LAMBRO: Hiding the real jobs peril

Tax hikes and budget cuts to hit hard at year’s end

We heard some real whoppers in this year’s campaign, but the biggest of them all was President Obama’s wildly exaggerated jobs claim.

Let’s review this one for historical accuracy, because millions of voters swallowed it hook, line and sinker as he repeated it throughout his campaign as the honest-to-God gospel truth — even after his bogus jobs number was shot down by reporters and economists alike: “Over the last 31/2 years, we have focused on righting the ship, making sure that we didn’t slip into a depression, saving an auto industry, creating 4.5 million new jobs, getting health care done, helping young people go to college,” Mr.
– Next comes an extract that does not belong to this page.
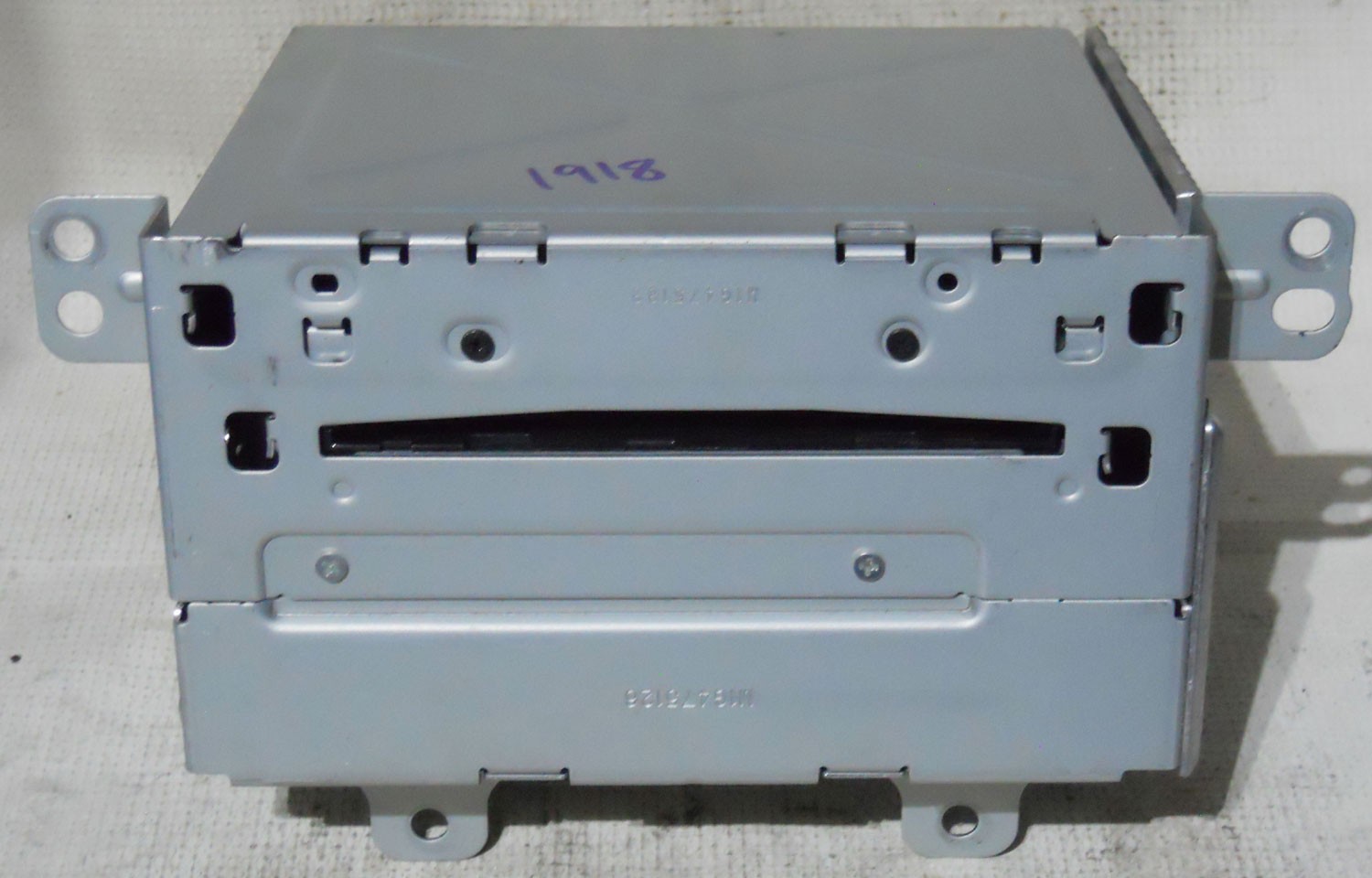 Saab 9-5 2010 Factory Stereo MP3 CD Player Radio XM Ready 20907419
Obama said.

But Washington Post Fact Checker Glenn Kessler said the president’s 4.5 million new jobs claim was misleading at best and, others said, flat-out false when you learn the tricky way he came up with his figure. Here’s what Mr. Kessler wrote:

“The president loves this jobs figure. But it is quite misleading because it refers to private-sector jobs, not all jobs, and because it is based on a date (February 2010) that puts the president’s jobs record in the best possible light,” he wrote this summer.

“The total number of jobs — private and government — created in the U.S. from February 2010 is 4 million,” he added.
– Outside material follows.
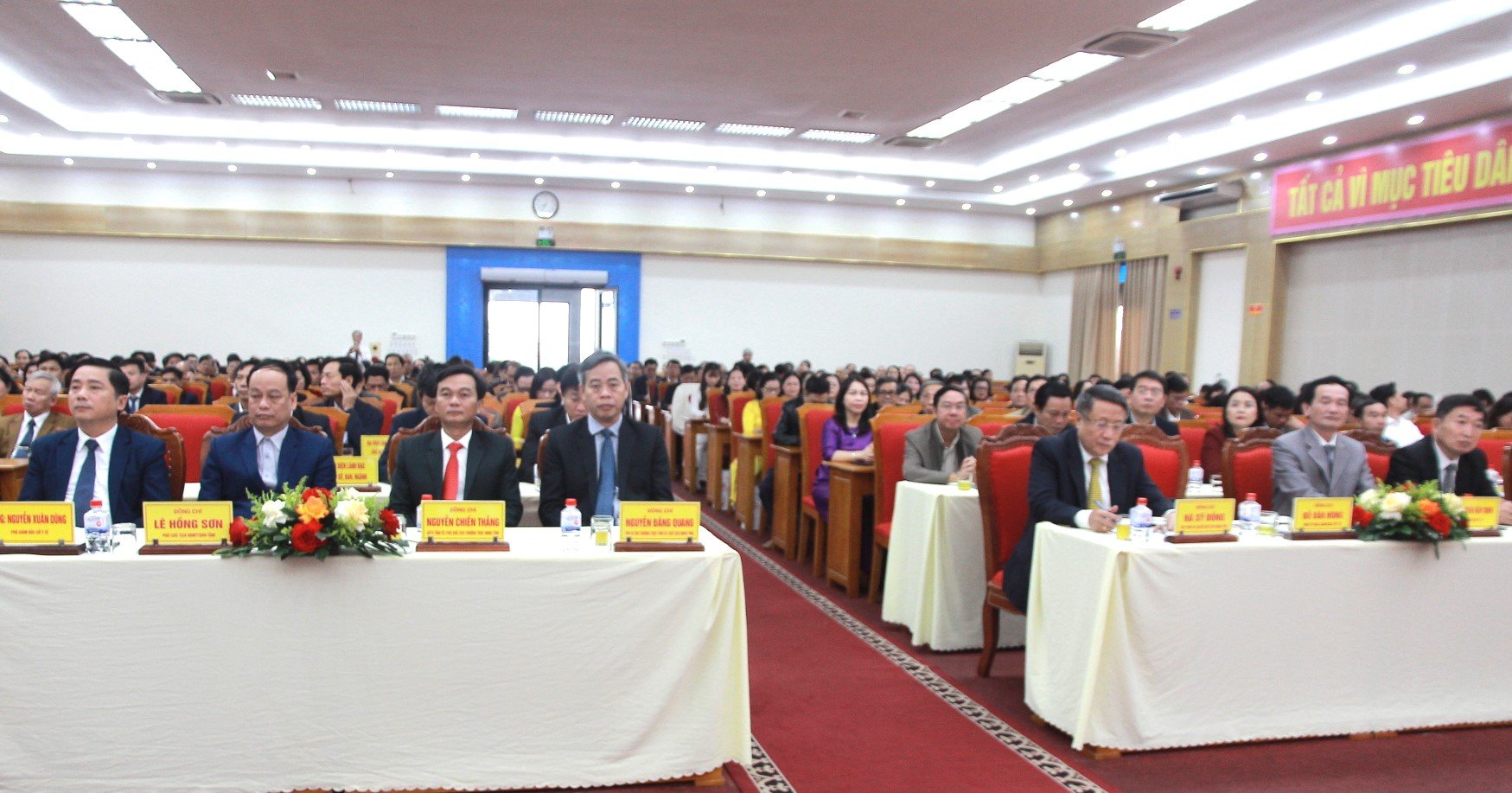 Celebrating the 70th Anniversary of Vietnamese Doctors' Day and the Patriotic Emulation Congress of the Quang Tri Health Sector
However, Mr. Obama’s “job growth number is still negative if you start counting from the beginning of Obama’s presidency,” the Washington press corps’ ace fact-tracker explained.

“According to the Bureau of Labor Statistics (BLS), job creation in Obama’s entire presidency is plus or minus a few hundred thousand jobs, depending on whether you date his presidency from January or February of 2009. At this point, Obama is on track to have the worst jobs record of any president since World War II,” he said.
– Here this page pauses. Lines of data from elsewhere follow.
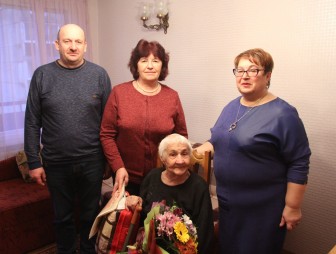 Мостовчанке Зое Диваковой исполнилось 95 лет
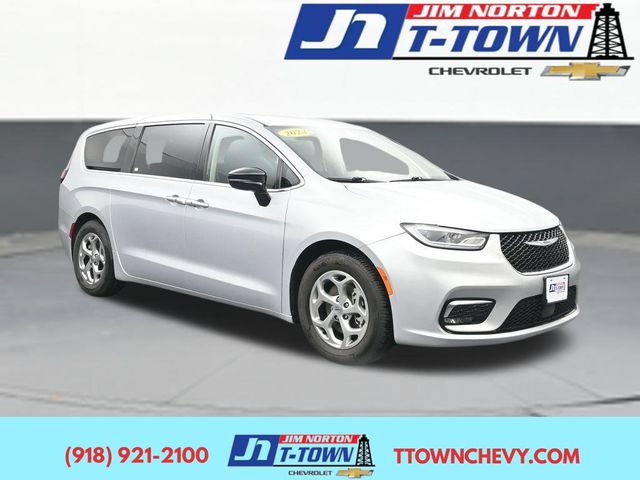 Used 2024 Chrysler Pacifica Limited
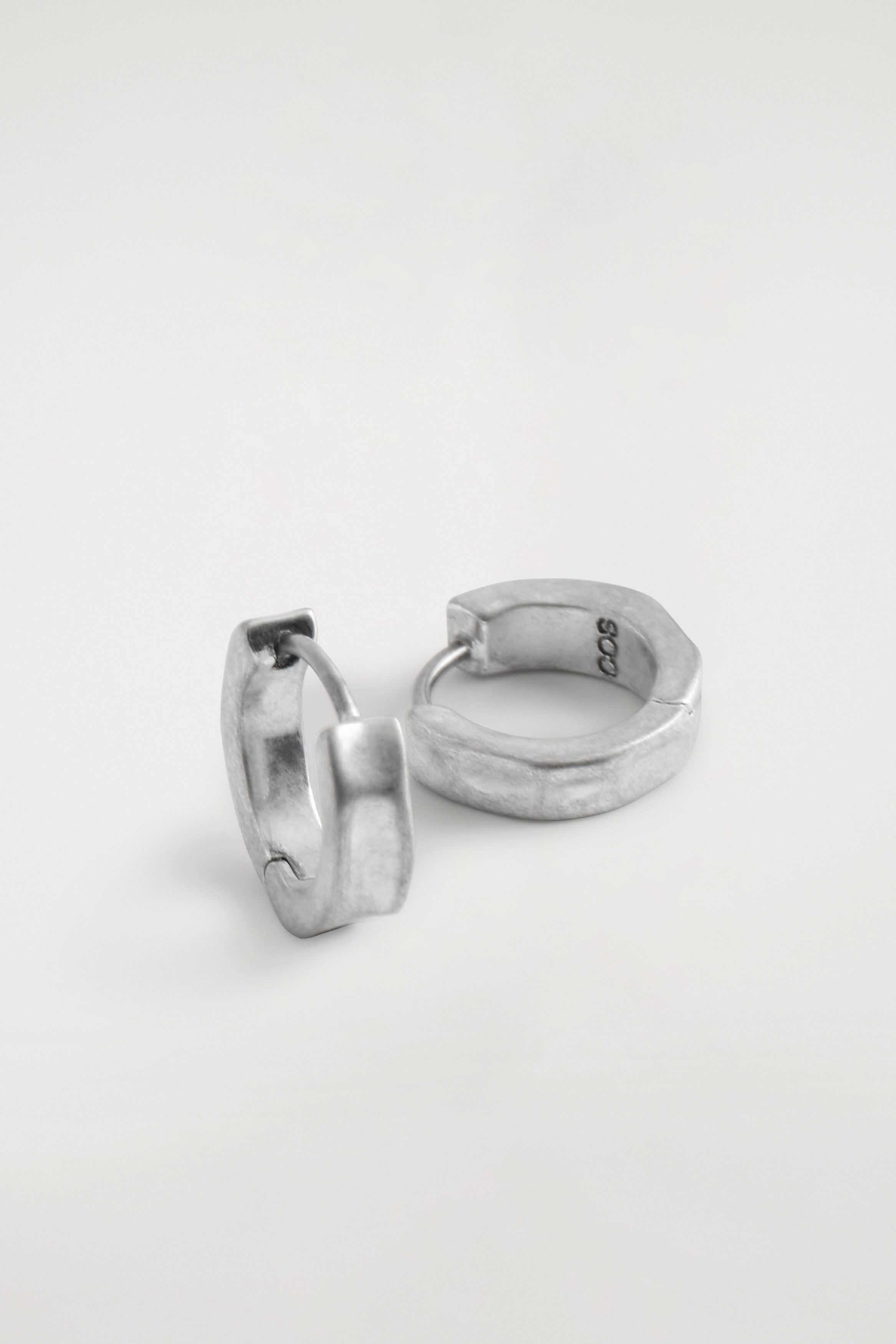 HAMMERED MINI HOOP EARRINGS - SILVER | COS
Wow, that’s quite a record when you think about it. Even so, millions of Americans who voted for him either believe he created lots of jobs, or it didn’t matter to them one way or the other. These are die-hard Obama supporters who are willing to follow him off the cliff if need be in order to demonstrate their loyalty to a failed presidency.

It’s been said by some of the president’s partisans that we’re in an economic era they call “the new normal.” That is, persistently high unemployment that will likely continue for many years, creating a large, permanent, jobless class, as we’ve long seen in Europe where the unemployment rate is now 11.6 percent.

As in Europe, though, the real U.S. unemployment rate is much higher than the average rate that the feds hand out on the first Friday of each month.

The BLS announced three days before the election that October’s jobless rate had edged back up to 7.9 percent. Job statistics such as this one can hide politically sensitive unemployment data that go unreported in the national news media.

The 171,000 new net jobs were trumpeted by Mr. Obama and his friends in the news media as a great leap “forward,” mirroring his campaign slogan. But Paul Dales, senior U.S. economist for Capital Economics, told The New York Times, “We’re still not making enough progress to bring that unemployment rate down significantly and rapidly.”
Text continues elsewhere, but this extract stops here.